WHAT THE TASK ASKS — Would you transcribe the entries below, beginning at the line with "Кожаные лаковые женские" and ending after the line with "893K views ·", exactly, with no picture and nothing more?

START DATASET

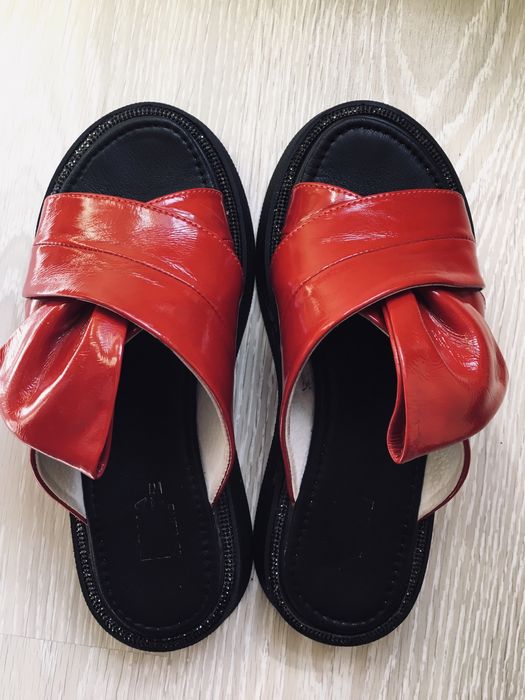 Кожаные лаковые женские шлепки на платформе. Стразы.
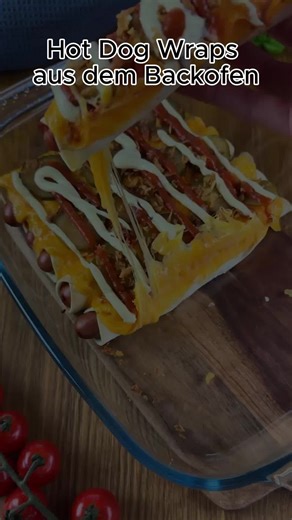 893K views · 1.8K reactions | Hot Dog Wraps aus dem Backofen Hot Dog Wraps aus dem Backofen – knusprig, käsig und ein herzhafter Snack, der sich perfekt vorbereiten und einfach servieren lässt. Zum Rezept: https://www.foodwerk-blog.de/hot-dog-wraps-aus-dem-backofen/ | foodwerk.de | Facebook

END DATASET
START DATASET

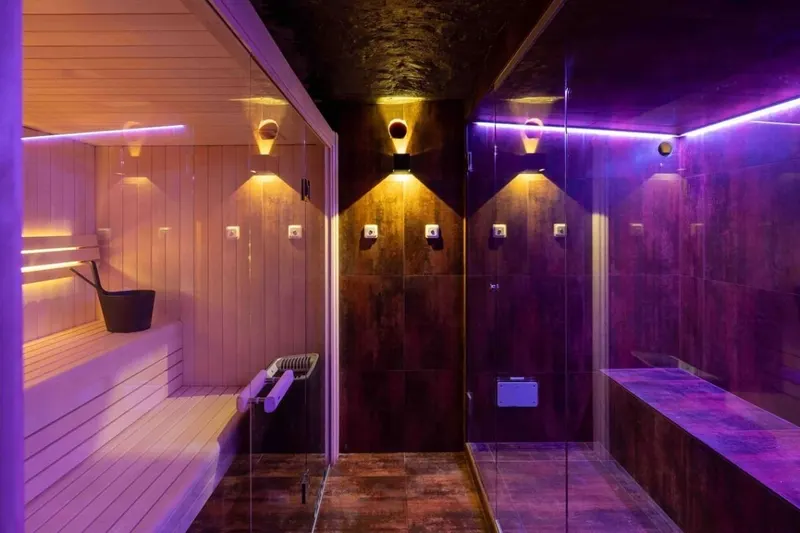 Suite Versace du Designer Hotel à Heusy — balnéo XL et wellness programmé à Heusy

END DATASET

EXERCISE RESULT —
 Кожаные лаковые женские шлепки на платформе. Стразы.
 893K views · 1.8K reactions | Hot Dog Wraps aus dem Backofen Hot Dog Wraps aus dem Backofen – knusprig, käsig und ein herzhafter Snack, der sich perfekt vorbereiten und einfach servieren lässt. Zum Rezept: https://www.foodwerk-blog.de/hot-dog-wraps-aus-dem-backofen/ | foodwerk.de | Facebook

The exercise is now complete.